Asked about university research in England, in a BBC interview on his arrival in 1964, he said "the trouble was deeper than money ... Frustration is caused by concentration of power in the hands of a few." His deepening concern about entrepreneurial activity in academe intensified, (Section 10.6 of his book.)

==Industry, Columbia and CUNY==
After a year at the Institute of Computer Science, Barnett went back to the US He joined the newly formed Graphic Systems Division of RCA, to create software for commercial computer typesetting. RCA acquired the US rights to the Digiset machine of Rudolf Hell and marketed an adaptation as the Videocomp. About 50 were sold. Barnett designed the algorithmic markup language PAGE-1 to express complicated formats in full page composition. This was used for a wide range of typeset products that included, over the years, the Social Sciences Index of the H. W. Wilson Company and several other publications excerpted in a later review paper., The application to database publishing led Barnett to devise and implement a programming language, that he called SNAP, to express file handling operations as sequences of grammatical English sentences.

In 1969, Barnett joined the H. W. Wilson Company, a publisher of bibliographic tools for libraries, to automate the production of these. He designed and introduced the system that was used to produce the Social Sciences Index for about 10 years. He had also started to teach courses on library automation at the Columbia School of Library Service. He joined the Columbia faculty full-time in 1975.

In 1977, Barnett moved to the Department of Computer and Information Science at Brooklyn College of the City University of New York in 1977, retiring as professor emeritus in 1996. Whilst at CUNY, he directed a major NSF funded project to develop computer generated printed matter for undergraduate teaching. He wrote software that incorporated pictures in documents that were typeset using PAGE-1. He wrote several books with his three teenage children, Gabrielle, Simon and Graham, aimed at the home market. These dealt with the production of computer graphics on early personal computers, that included the Commodore 64, the Apple II, and IBM PC, and the use of elementary algorithms.

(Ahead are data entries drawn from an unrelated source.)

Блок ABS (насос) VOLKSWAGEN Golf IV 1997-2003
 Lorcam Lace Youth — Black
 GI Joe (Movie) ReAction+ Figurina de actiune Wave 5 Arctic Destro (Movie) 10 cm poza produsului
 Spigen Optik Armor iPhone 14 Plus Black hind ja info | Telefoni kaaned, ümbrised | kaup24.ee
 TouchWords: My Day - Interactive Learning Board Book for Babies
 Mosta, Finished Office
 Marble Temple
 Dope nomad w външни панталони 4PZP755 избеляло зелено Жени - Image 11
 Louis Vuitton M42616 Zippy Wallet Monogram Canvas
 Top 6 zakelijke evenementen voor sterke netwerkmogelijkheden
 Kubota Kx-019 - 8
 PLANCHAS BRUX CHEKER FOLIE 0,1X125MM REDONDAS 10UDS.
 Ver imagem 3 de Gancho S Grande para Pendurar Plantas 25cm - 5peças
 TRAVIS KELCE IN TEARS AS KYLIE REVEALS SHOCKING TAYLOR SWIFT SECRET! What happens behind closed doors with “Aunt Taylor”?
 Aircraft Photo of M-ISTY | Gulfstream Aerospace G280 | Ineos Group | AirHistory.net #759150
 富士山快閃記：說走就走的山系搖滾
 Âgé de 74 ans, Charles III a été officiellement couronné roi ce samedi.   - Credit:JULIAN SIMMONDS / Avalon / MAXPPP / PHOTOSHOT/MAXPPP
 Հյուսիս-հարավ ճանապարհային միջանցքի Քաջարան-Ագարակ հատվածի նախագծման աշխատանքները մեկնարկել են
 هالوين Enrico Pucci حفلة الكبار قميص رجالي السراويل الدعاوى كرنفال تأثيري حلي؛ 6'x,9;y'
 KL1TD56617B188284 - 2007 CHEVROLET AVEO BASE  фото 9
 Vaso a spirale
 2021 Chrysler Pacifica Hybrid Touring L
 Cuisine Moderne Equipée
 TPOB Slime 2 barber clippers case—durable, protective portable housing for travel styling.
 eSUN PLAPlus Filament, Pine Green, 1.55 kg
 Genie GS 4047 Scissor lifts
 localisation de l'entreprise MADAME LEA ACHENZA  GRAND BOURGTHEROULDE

==Integrals redux, retirement and symbolic calculation==
In 1989, Barnett started to spend part of his time as a visiting scientist at the John von Neumann National Supercomputer Center, located on the outskirts of Princeton and run by a consortium of universities. He restarted work on molecular integrals, using the power of the supercomputer to go beyond the possibilities of the 1960s. After his retirement from CUNY, he continued to explore applications of symbolic calculation to molecular integrals, nuclear magnetic resonance, and other topics.